The moon most likely used to be part of earth.
The huge large quasar group is the largest known structure in the universe. It contains a grand total of 73 supermassive blackholes and is 4 billion light years across, or about a million million billion (sextillion) miles across, which is four times bigger than anything in the universe should be.
There's actually something even bigger called the Hercules–Corona Borealis Great Wall. It's 10 billion light years across. If the sun were a ping pong ball, this structure would be about a billion miles long.
If two plates are in a vacuum, and they were close to each other, they would eventually be pushed together. Not by gravity, but by the casmir force, which is when virtual particles push on the plates.
Virtual particles pop in and out of existence randomly and are a mystery to science. They may be the cause of the expansion of the universe.
There are thousands of particles flying through you're body every second.
Protons and Neutrons can actually be broken down even farther into quarks. There are 6 different types of qaurks, and protons and nuetrons, which are baryons, have three. That means there could be 216 different types of particles like protons; except they all decay within millionths of a second. Even nuetrons are unstable if they aren't in a nucleus. Protons are the only stable one.
There are 17 particles in the standard model - six quarks which make up protons, six leptons, which include electrons, and five bosons which mediate the various forces.
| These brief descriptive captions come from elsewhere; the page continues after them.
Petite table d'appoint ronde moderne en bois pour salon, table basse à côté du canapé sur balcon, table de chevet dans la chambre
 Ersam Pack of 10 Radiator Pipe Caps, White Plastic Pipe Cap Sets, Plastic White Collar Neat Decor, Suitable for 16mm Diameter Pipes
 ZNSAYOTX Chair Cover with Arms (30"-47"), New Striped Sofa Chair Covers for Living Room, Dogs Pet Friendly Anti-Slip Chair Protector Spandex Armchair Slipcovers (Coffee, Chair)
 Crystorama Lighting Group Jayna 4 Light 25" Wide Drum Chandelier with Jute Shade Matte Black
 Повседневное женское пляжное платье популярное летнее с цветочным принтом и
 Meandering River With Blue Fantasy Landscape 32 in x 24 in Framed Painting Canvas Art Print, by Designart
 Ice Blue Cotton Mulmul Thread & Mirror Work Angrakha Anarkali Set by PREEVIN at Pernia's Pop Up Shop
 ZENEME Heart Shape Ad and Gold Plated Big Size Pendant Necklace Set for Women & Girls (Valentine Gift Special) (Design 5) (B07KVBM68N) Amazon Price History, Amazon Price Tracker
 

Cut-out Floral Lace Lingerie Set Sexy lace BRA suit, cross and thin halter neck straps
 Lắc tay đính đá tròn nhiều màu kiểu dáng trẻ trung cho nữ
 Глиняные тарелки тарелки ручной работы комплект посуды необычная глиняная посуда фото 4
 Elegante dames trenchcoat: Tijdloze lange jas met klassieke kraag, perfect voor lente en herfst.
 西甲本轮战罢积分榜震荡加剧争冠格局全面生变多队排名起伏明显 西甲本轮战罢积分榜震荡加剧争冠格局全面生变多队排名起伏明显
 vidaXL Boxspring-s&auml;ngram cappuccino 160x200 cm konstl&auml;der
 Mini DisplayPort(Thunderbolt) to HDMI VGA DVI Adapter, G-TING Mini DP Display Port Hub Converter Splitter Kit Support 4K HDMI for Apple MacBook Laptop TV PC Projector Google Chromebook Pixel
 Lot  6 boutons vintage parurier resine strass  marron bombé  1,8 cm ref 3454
Particles can act as a particle and a wave at the exact same time.
If you know the exact speed and direction of a particle, then you can't know it's position, and if you know the exact position, you can't know the direction it's moving. It's called the Uncertainty Principle.
What you do now can actually affect the past. If you passed a light through a double slit, and then observed the particle, it effectively has to choose which slit it went through right at the moment you looked, causing it to change the past. (This is badly explained but I dunno how to explain it better)
If you put a cat in a box with a bomb that may or may not go off (it's completely, truly random), until you look, the cat is both dead and alive at the same time. It's called Schrodinger's Cat.
You can send information instantaneously across the entire universe without breaking the speed of the light using quantum entanglement. If two particles are created, as particles are always created in pairs, they're properties always cancel each other out. So if someone were to force one of the particles to change properties, the other one would instantly change too, even if they were infinitely distant from each other.
Special Relativity states that time is different for everyone. There is no past, present, or future because of it. Only what each individual body undergoes as time changes depending on the speed one travels at.
Until we observer particles at the subatomic level, they are just energy with an infinite amount of possibilities, and by looking, we force it to choose a state.
The sun would explode without quantum mechanics since classical mechanics says it would give off an infinite amount of energy.
If you converted all the mass in you into energy, it would be the same as 30 fusion bombs.